Nella storia scientifica, poche epoche risplendono con la stessa intensità della prima metà del XX secolo. È un’epoca di avventura intellettuale, una corsa sfrenata verso il mistero, una danza di menti illuminate che si sfidano e si uniscono per svelare i segreti più profondi dell’universo. In questa galassia di geni e idee, c’è una stella che brilla con una luce particolare: è la meccanica quantistica, una teoria che ha sfidato le leggi della fisica e cambiato il corso della storia.
Com’è nata la meccanica quantistica?
Tutto ha avuto inizio quando Einstein ha detto: “Dio non gioca a dadi con l’universo!” e Bohr ha risposto: “Einstein, smettila di dire a Dio cosa può e non può fare!”
Al centro di questa saga epica c’è la celebre quinta Conferenza Solvay del 1927, un evento che è entrato a pieno titolo nella leggenda della storia scientifica. Qui, alcuni dei più grandi intelletti della fisica si sono riuniti per discutere il destino della nostra comprensione del mondo. Tra loro spiccano nomi come Niels Bohr, Werner Heisenberg, Erwin Schrödinger, Max Born e, naturalmente, Albert Einstein.

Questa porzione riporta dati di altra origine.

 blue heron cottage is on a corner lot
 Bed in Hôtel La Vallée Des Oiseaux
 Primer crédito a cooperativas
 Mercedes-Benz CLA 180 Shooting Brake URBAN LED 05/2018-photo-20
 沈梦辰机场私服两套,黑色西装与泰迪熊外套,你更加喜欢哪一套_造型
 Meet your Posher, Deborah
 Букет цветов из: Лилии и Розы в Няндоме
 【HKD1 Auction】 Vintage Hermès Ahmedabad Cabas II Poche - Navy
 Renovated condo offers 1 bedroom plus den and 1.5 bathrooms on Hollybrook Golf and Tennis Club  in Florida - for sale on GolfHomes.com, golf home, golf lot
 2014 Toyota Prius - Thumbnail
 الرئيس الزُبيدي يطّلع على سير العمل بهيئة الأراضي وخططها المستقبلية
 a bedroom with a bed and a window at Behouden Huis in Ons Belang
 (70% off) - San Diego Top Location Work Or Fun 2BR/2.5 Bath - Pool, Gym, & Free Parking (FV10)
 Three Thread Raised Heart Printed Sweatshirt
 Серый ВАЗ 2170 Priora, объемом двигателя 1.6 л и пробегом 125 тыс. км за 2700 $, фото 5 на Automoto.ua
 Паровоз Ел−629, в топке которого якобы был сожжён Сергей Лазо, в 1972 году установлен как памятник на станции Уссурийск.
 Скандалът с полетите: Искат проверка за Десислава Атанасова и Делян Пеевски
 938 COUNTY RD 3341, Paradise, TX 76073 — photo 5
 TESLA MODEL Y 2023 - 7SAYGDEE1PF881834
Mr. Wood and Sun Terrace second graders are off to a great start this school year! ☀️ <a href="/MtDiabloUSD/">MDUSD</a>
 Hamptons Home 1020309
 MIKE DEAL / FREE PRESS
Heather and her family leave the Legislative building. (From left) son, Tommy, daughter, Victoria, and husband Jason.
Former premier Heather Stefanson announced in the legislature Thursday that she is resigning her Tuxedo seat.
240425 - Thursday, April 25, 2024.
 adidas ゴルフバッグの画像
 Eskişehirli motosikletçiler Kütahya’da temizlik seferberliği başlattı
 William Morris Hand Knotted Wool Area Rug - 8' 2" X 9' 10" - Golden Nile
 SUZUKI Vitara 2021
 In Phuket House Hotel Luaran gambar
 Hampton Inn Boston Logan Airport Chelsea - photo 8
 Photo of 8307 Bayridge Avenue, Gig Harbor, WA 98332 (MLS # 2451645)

Einstein, con la sua mente titanica, difendeva con ardore le teorie della relatività e una concezione deterministica della realtà. Tuttavia, di fronte all’emergere di una nuova visione del cosmo – quella della meccanica quantistica – si trovò in una posizione di scontro.
Dall’altro lato della barricata, Bohr e il suo gruppo incarnavano una visione più fluida e caotica del cosmo. Con arguzia e ingegno, difendevano una visione del mondo in cui l’incertezza e il caso dominavano la scena. I loro confronti con Einstein alla Conferenza Solvay diventarono leggendari, duelli tra titani del pensiero.
Ma il vero fulcro della narrazione si trova nel 1935, quando Einstein, insieme a Boris Podolsky e Nathan Rosen, lanciò una sfida diretta alla validità della meccanica quantistica stessa. Il loro articolo sosteneva l’esistenza di “variabili nascoste“, che avrebbero potuto restituire alla realtà la sua faccia deterministica. Tuttavia, come sottolinea Atalay, questa sfida si rivelò essere una chimera, schiacciata dal peso delle evidenze sperimentali e della logica stessa.
L’apporto di Bell
Ma la storia della meccanica quantistica non si fermò nel 1935; piuttosto, si sviluppò in una nuova era di scoperte e sfide. Il lavoro di scienziati come John Stewart Bell, con la sua famosa teoria che mette alla prova i limiti della realtà quantistica, ha portato avanti il testimone della ricerca. Le sue sperimentazioni e quelle che seguirono hanno continuato a sfidare e a illuminare le nostre concezioni del mondo.
John Stewart Bell ha sviluppato questa teoria negli anni ’60 del XX secolo come un tentativo di risolvere il cosiddetto “paradosso di Einstein-Podolsky-Rosen” (EPR). Questo paradosso fu proposto nel 1935 da Albert Einstein, Boris Podolsky e Nathan Rosen come un’argomentazione contro l’interpretazione della meccanica quantistica accettata comunemente, suggerendo che la teoria quantistica non fosse completa perché sembrava implicare azioni a distanza istantanee, violando così la teoria della relatività speciale di Einstein.
Bell ha sviluppato un’ineguaglianza matematica, nota come “ineguaglianze di Bell“, che possono essere testate sperimentalmente per determinare se le correlazioni tra le proprietà fisiche di particelle quantistiche, come ad esempio lo spin di particelle entangled, possono essere spiegate da variabili nascoste locali o se richiedono una spiegazione basata su una connessione quantistica non locale.
Le ineguaglianze di Bell dimostrano che, se la meccanica quantistica è corretta, le correlazioni tra le proprietà di particelle entangled non possono essere spiegate completamente attraverso variabili nascoste locali, ma richiedono una sorta di “connessione istantanea” tra le particelle. Questo fenomeno è noto come “non-località” e implica che le particelle possono influenzarsi a vicenda istantaneamente, indipendentemente dalla distanza che le separa.
L’esperimento di violazione delle disuguaglianze di Bell ha dato riscontro sperimentale alla previsione della meccanica quantistica, dimostrando che le correlazioni quantistiche non possono essere spiegate in termini di variabili nascoste locali e che Einstein aveva torto.